# What you are asked to do
Pictures excluded, copy word for word the lines from the one holding "this 640×480 image." through the last line below.

== == ==

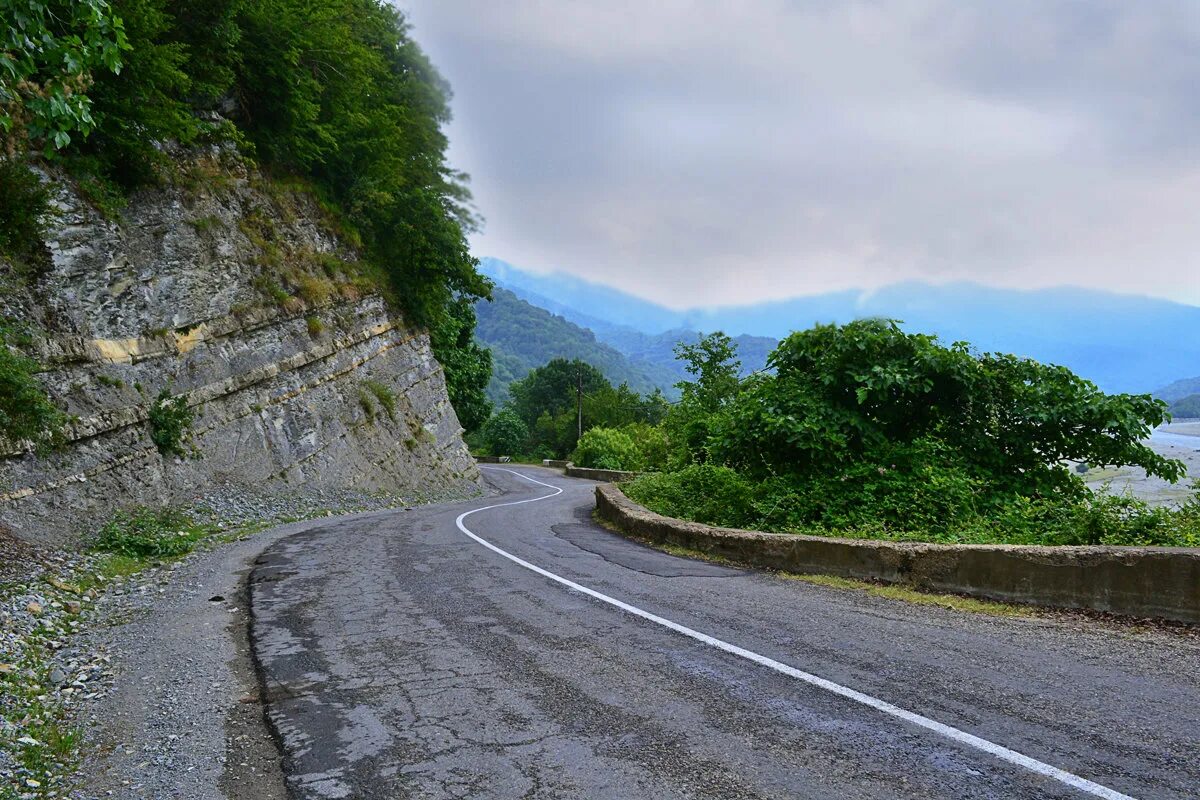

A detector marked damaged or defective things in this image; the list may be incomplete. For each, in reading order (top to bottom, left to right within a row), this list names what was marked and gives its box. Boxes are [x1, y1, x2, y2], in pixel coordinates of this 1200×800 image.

cracked asphalt [248, 465, 1200, 796]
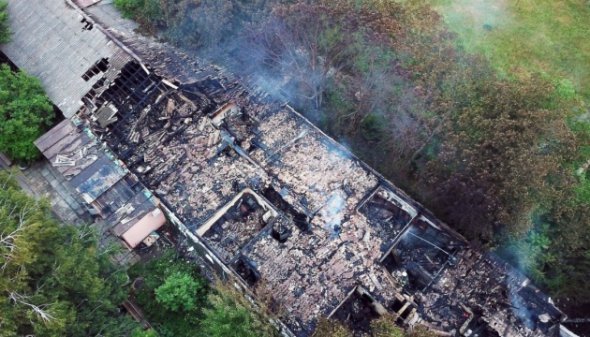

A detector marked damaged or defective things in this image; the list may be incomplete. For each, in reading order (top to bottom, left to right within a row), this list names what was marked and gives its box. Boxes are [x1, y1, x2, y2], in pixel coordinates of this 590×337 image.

fire damage [69, 51, 568, 334]
charred debris [76, 57, 568, 336]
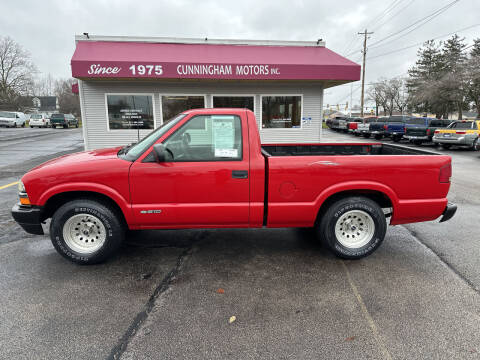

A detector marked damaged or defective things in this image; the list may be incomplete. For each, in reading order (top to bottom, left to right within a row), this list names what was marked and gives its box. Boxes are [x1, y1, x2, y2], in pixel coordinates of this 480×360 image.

pavement crack [107, 245, 193, 360]
pavement crack [340, 260, 392, 360]
pavement crack [404, 225, 478, 296]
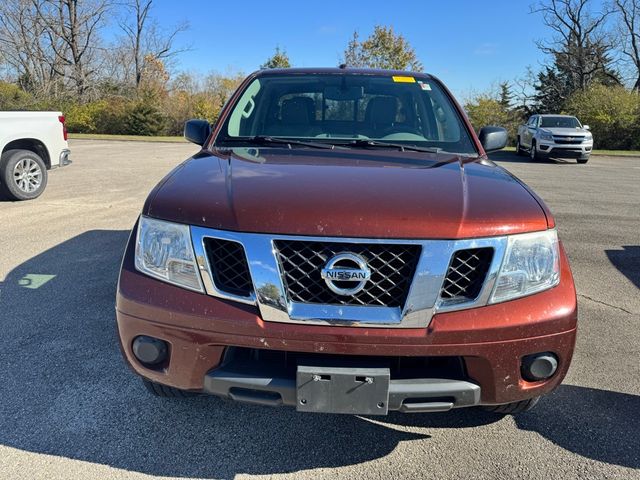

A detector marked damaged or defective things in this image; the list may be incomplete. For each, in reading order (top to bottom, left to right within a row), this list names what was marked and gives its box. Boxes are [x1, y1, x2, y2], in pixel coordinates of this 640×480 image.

pavement crack [576, 294, 636, 316]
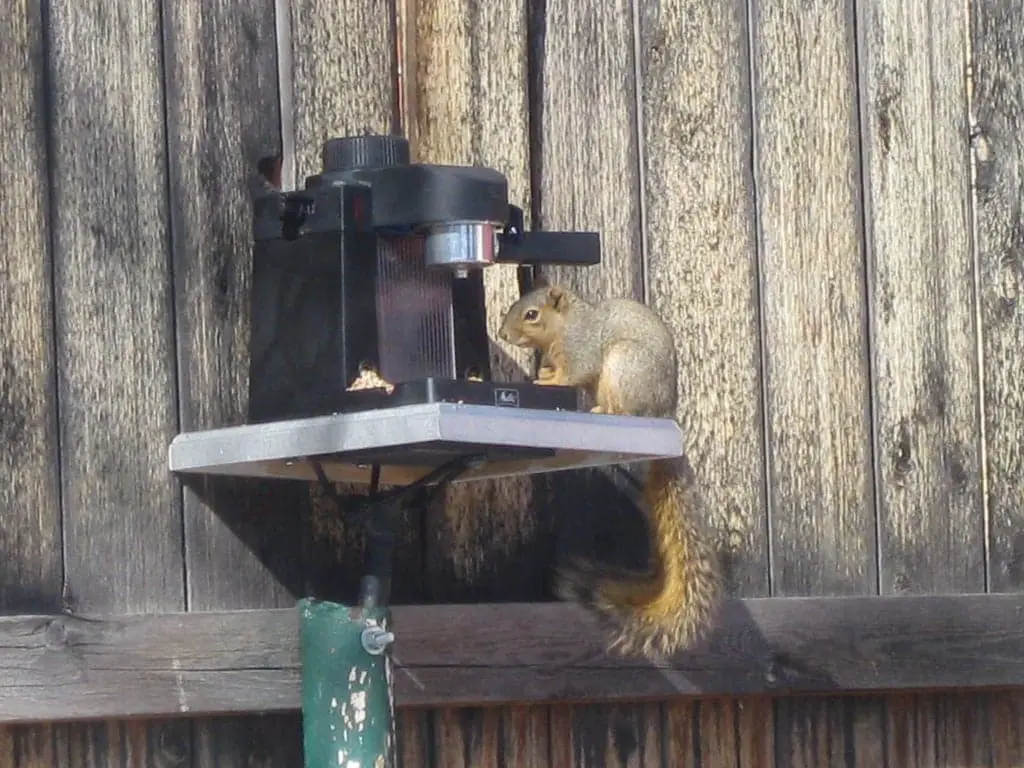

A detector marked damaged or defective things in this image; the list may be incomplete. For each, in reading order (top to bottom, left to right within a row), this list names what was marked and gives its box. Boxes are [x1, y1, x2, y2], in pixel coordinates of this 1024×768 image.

peeling paint on pole [299, 602, 395, 768]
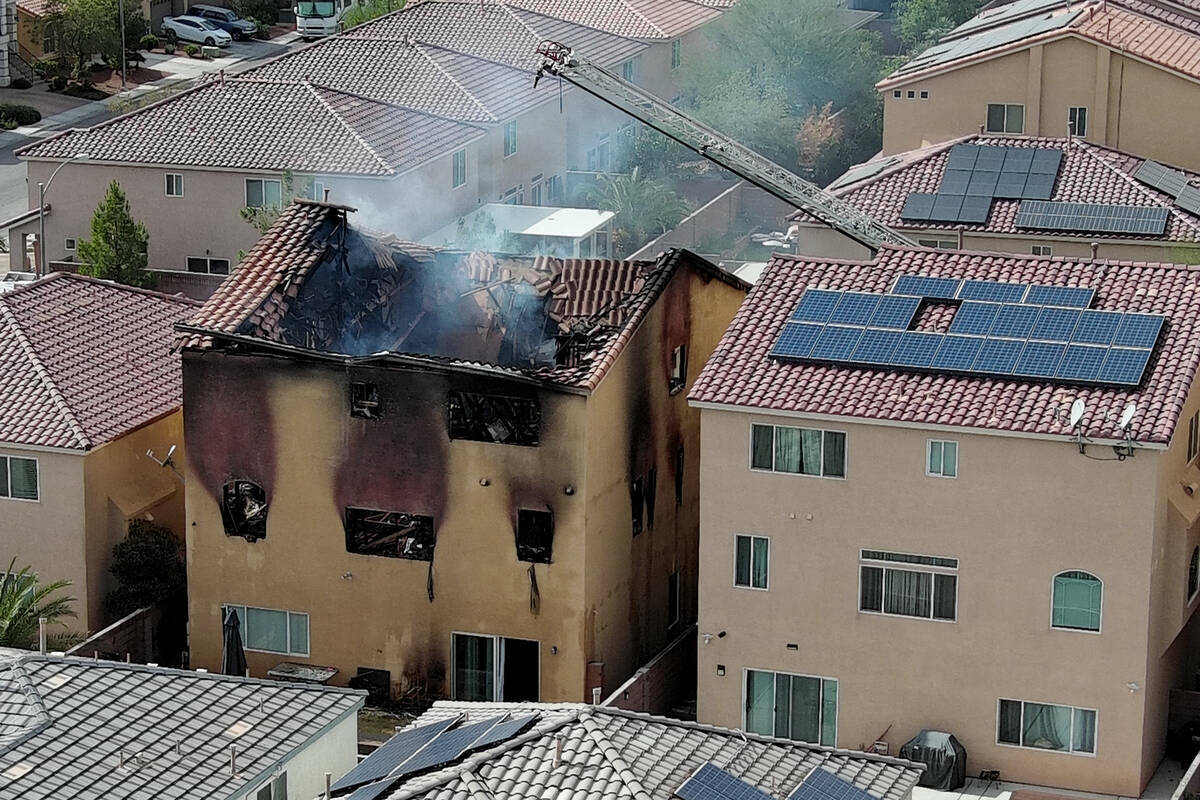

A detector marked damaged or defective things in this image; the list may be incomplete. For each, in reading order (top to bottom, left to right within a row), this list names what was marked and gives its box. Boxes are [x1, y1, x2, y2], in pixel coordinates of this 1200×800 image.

broken window [672, 345, 691, 393]
burned window opening [350, 381, 379, 419]
broken window [350, 381, 381, 419]
broken window [448, 391, 542, 448]
burned window opening [448, 393, 542, 448]
burned house [174, 201, 744, 705]
charred stucco wall [583, 266, 748, 695]
broken window [222, 482, 268, 544]
burned window opening [222, 482, 268, 544]
charred stucco wall [183, 352, 590, 700]
burned window opening [343, 506, 436, 563]
broken window [345, 506, 439, 563]
broken window [516, 510, 552, 566]
burned window opening [516, 510, 552, 566]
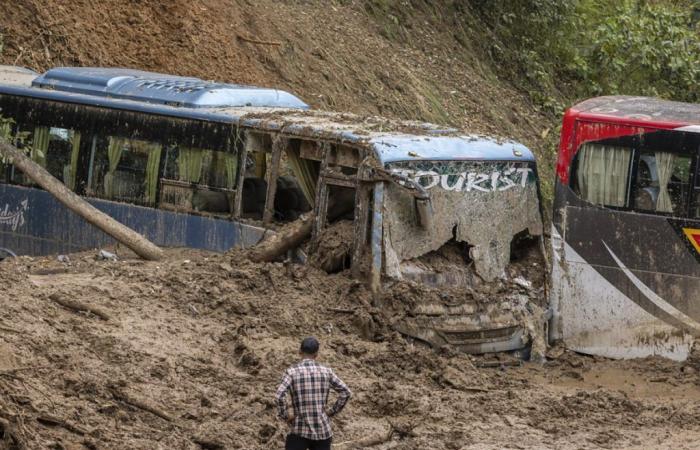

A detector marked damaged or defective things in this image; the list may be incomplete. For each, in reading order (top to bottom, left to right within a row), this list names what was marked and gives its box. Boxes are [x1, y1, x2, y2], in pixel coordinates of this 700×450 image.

== == ==

# Exercise response
A detector marked damaged or defective things in this image; the list may be incomplete. For each, in reading order (top to bottom, left to right within a row), this list names what was marked and gives its box. Boxes are [x1, y1, x2, y2], in pixel coordinates of this 640×480 image.

pavement crack [576, 294, 636, 316]

A detector marked damaged or defective things in this image; the list may be incomplete. For each, in reading order (top to bottom, left to right within a row), this list names what was marked and gives its box. Boxes are [x1, y1, x2, y2], in pixel coordinates of this 1024×768 image.

peeling paint on pole [299, 602, 395, 768]

A detector marked damaged or defective things in this image; the list may be incomplete. For each, in reading order (top to bottom, left to right within a row), this list names what was marked and gives its box. Boxes are [x1, y1, x2, y2], in pixel coordinates of this 1200×800 image.

broken window [672, 345, 691, 393]
burned window opening [350, 381, 379, 419]
broken window [350, 381, 381, 419]
broken window [448, 391, 542, 448]
burned window opening [448, 393, 542, 448]
burned house [174, 201, 744, 705]
charred stucco wall [583, 266, 748, 695]
broken window [222, 482, 268, 544]
burned window opening [222, 482, 268, 544]
charred stucco wall [183, 352, 590, 700]
burned window opening [343, 506, 436, 563]
broken window [345, 506, 439, 563]
broken window [516, 510, 552, 566]
burned window opening [516, 510, 552, 566]

A detector marked damaged or defective things in this image; the list may be incomplete. For each, in reading order (top to bottom, left to right within a row), this list names what was marked and gives its box. Boxes are [x1, y1, x2, y2], in pixel coordinates of this 700×450 image.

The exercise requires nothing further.